The day is breathless. Tiny green buds on the windward side of a stark Stemmadenia unfurl quaking, tender leaves. Dogs lounge in the morning sun while horses and cattle graze languorously in neighboring fields. Cardinals whistle and trill while doves bob in mating ritual on high tension wires. It is uncommonly quiet in North Kohala, an acrid volcanic haze tingeing a normally bright blue horizon to dull grey. Day-long sneezing jags and aching lungs mark the passing of yet another Kona front, but Nature seems not to take affront. When stalled tradewinds fail to strip moisture from the soil, grasses soak in dew, palpable right down to roots.
For all our winter precipitation, landscapes still thirst for water as long as trades are up. Knock these gusts back for a week or two and even without direct rainfall, shrubs, trees and grasses explode in growth and raging color. A stately mango maturing into its fourth season burgeons into rosy dreadlocks of flowers as it prepares to fruit in profusion. Pink grapefruit and Meyer lemon waft heady aromas. Delicate paklan blossoms saturate the night air while passionfruit weep from vines like goose-golden ova. Two acres of field grasses, untouched by blades for over six months now, are in need of weekly pruning. A normally tempestuous ocean lies flat and listless, save for humpbacks breaching and slapping offshore. Still the most striking feature is the absolute motionless air. The flat aching quiet.
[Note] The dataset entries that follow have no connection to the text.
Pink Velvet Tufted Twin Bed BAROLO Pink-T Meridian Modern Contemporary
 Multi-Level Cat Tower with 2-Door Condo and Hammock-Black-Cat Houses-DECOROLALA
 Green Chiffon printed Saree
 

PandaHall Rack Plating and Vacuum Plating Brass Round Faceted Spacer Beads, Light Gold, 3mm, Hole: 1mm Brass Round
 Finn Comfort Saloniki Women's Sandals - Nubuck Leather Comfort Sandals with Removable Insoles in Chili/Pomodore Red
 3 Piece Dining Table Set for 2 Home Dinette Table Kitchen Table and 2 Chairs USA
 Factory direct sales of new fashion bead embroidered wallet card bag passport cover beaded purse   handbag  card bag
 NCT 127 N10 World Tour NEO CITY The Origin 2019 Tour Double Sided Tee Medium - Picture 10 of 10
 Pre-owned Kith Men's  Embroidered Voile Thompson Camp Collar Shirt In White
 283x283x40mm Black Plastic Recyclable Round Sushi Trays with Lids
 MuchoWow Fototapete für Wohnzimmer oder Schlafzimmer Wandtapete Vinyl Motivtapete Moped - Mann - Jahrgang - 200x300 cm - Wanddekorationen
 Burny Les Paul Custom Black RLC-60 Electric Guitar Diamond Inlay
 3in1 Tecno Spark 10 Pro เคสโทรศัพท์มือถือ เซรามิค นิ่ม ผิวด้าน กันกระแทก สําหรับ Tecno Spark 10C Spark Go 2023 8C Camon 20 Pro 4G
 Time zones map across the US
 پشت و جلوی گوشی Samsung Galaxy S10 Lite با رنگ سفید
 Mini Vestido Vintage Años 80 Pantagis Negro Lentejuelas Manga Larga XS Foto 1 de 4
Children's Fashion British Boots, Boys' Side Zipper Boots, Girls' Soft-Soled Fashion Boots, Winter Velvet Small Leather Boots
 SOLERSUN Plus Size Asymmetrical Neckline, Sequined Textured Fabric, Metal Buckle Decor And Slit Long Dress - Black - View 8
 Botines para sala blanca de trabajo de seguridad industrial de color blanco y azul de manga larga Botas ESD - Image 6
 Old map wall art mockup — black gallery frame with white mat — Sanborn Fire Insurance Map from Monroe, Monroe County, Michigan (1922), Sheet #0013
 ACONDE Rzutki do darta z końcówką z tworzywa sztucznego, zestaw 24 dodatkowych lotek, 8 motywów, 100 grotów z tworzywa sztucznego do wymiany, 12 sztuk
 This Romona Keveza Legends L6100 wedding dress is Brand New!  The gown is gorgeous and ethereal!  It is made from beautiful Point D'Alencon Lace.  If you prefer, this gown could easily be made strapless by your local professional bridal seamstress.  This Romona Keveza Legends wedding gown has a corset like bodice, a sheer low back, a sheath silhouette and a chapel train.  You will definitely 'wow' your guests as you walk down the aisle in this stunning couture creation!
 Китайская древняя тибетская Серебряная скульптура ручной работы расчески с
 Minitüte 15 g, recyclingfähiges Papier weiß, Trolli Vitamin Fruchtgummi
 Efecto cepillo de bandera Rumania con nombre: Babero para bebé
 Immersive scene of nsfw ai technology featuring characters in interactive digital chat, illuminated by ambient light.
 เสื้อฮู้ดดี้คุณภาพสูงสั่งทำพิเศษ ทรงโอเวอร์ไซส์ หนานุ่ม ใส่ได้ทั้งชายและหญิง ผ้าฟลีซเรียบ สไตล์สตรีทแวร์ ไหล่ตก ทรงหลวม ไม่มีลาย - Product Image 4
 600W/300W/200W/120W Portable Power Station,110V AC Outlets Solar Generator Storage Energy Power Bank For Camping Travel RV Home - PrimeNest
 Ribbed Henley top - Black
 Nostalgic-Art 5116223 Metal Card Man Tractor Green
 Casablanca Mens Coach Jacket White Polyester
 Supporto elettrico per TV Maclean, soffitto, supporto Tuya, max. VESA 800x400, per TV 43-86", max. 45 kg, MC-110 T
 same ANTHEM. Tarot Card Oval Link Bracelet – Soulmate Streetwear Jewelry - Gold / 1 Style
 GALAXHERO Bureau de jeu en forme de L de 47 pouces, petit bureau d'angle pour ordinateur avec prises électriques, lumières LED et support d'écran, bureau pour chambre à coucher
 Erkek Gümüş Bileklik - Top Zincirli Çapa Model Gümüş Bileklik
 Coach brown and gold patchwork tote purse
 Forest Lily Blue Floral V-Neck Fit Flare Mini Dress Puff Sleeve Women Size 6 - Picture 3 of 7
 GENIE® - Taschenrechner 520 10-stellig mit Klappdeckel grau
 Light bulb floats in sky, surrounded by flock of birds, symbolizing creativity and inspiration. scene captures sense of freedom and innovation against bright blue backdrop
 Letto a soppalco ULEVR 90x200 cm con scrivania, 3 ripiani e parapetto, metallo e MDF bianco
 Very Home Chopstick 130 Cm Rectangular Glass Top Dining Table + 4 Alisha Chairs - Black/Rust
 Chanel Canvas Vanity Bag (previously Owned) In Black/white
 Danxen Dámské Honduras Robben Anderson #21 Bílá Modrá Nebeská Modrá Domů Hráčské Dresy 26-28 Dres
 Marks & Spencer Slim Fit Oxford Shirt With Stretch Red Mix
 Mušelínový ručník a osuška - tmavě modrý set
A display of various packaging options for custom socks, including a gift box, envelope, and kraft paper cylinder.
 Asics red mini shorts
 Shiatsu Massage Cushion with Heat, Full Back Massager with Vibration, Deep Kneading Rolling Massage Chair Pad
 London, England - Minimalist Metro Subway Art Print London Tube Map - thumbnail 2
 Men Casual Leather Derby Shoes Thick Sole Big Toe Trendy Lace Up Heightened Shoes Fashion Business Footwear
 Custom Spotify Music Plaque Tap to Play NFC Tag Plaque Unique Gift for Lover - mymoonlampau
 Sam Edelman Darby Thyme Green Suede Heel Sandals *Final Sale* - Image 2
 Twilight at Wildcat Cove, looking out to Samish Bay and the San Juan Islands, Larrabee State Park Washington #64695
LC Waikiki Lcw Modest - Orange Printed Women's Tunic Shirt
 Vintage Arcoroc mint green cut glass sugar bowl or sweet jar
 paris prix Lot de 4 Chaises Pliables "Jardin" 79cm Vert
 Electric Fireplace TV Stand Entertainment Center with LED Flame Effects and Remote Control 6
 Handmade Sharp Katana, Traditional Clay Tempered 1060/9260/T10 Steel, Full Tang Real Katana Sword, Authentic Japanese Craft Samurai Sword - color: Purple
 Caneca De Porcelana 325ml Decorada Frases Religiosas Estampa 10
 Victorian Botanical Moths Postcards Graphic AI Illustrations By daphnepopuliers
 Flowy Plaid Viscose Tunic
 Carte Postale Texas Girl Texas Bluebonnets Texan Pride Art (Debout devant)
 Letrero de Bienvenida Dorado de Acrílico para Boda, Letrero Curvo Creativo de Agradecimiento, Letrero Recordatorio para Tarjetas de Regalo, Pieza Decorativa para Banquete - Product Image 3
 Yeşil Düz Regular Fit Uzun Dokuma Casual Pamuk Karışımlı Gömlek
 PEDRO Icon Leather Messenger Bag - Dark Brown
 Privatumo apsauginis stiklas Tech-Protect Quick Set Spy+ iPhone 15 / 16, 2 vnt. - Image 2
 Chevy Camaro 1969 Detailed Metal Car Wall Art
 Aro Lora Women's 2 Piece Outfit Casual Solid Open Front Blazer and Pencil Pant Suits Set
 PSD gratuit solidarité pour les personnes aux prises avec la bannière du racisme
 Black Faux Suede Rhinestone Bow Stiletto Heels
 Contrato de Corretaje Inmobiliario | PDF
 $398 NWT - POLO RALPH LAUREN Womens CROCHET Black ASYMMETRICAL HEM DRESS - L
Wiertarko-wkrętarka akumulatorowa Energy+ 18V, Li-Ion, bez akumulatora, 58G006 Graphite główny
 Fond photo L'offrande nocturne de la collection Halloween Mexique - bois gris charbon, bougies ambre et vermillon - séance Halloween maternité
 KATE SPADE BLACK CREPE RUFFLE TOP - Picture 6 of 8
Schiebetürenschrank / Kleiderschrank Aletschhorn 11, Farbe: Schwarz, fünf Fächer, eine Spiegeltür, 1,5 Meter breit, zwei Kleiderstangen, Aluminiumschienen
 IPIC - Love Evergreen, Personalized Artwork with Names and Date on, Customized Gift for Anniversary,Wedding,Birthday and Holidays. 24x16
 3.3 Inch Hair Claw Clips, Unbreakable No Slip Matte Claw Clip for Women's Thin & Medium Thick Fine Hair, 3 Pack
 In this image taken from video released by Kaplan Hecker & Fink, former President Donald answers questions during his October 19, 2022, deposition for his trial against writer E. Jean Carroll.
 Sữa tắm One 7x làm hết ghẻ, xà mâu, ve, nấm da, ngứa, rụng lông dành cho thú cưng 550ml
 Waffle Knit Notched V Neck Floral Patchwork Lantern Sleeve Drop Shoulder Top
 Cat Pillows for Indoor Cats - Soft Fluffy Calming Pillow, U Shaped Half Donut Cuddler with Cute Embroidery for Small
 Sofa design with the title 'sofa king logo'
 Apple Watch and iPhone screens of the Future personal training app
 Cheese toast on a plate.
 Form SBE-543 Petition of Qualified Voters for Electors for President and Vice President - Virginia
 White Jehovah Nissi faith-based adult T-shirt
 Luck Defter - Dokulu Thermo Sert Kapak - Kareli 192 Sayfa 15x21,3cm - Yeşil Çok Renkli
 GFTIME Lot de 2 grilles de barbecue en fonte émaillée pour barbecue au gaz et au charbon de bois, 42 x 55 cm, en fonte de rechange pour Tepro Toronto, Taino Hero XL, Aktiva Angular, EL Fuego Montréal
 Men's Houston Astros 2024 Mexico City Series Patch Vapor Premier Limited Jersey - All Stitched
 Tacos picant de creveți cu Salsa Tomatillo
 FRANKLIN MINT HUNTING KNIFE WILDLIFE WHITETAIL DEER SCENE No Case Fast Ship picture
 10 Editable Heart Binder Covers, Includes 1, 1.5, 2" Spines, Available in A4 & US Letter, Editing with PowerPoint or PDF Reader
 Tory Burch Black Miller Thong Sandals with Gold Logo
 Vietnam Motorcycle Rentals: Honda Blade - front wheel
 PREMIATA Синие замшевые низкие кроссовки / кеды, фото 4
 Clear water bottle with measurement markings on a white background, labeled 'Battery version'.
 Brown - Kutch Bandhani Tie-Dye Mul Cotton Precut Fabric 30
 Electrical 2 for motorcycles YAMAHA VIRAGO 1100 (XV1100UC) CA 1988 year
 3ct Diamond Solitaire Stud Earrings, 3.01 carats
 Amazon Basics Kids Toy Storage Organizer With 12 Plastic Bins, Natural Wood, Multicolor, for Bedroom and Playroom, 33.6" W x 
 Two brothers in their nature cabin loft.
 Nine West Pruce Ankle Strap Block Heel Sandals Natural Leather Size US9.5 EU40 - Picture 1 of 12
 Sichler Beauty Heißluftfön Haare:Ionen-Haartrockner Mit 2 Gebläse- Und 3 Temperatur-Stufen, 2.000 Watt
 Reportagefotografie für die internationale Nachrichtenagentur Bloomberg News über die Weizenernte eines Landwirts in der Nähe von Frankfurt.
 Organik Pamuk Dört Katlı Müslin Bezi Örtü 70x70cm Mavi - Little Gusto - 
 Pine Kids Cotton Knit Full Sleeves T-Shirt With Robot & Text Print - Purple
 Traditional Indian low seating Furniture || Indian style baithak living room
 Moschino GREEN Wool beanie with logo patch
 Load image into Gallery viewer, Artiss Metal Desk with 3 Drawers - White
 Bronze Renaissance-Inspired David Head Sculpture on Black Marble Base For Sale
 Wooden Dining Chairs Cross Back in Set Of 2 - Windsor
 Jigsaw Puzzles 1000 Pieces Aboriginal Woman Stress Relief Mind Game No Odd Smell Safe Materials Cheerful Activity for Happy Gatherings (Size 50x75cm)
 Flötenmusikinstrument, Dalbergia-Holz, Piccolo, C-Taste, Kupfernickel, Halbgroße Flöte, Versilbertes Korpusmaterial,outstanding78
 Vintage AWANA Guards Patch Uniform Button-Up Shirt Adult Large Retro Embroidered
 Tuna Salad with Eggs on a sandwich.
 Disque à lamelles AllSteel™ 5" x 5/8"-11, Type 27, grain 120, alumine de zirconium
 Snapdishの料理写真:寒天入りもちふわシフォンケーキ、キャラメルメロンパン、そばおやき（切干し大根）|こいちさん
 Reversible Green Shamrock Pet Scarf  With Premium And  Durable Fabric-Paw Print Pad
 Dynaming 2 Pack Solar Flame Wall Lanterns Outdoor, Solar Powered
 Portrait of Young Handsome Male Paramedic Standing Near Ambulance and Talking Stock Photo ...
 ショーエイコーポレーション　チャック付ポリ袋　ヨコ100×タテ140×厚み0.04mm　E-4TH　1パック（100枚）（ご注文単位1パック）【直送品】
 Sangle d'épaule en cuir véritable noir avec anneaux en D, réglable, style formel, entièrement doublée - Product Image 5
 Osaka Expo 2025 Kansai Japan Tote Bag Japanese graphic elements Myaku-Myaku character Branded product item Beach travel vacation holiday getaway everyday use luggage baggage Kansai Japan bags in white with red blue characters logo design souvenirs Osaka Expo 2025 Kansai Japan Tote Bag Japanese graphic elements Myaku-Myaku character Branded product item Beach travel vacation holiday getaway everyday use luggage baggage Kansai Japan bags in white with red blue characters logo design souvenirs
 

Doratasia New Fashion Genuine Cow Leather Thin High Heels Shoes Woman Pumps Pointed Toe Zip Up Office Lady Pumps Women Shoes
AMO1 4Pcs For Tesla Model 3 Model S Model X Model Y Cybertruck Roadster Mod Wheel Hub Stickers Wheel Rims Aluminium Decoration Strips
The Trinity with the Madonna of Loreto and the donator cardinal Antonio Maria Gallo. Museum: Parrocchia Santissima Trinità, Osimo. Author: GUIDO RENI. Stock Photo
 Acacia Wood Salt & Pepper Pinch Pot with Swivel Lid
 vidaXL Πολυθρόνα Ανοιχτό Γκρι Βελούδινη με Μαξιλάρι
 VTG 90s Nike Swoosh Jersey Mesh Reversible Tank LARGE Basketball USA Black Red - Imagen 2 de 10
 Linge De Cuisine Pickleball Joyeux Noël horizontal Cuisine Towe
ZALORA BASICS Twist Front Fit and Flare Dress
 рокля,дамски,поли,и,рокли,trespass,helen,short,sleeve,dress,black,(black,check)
Voices are gone – those normally careening on crosscurrents, whether human or netherworld. Vog seeps into the tiny folds of my aging brain; thoughts are difficult to form, physical movements are dull and laconic. Yet I remain a child of the earth, my body attuned to her heartbeat and pulse. Change is undeniably afoot, and after the flurry of the past few days, syncing myself with her rhythms allows me to pause and regroup, even as my sinuses rebel. I will know – as has happened time and again when the trades pick up – to make ready for whatever lies ahead. But for now I may lay down the inner yoke, only to shoulder it willingly once again when the time is ripe for harvest.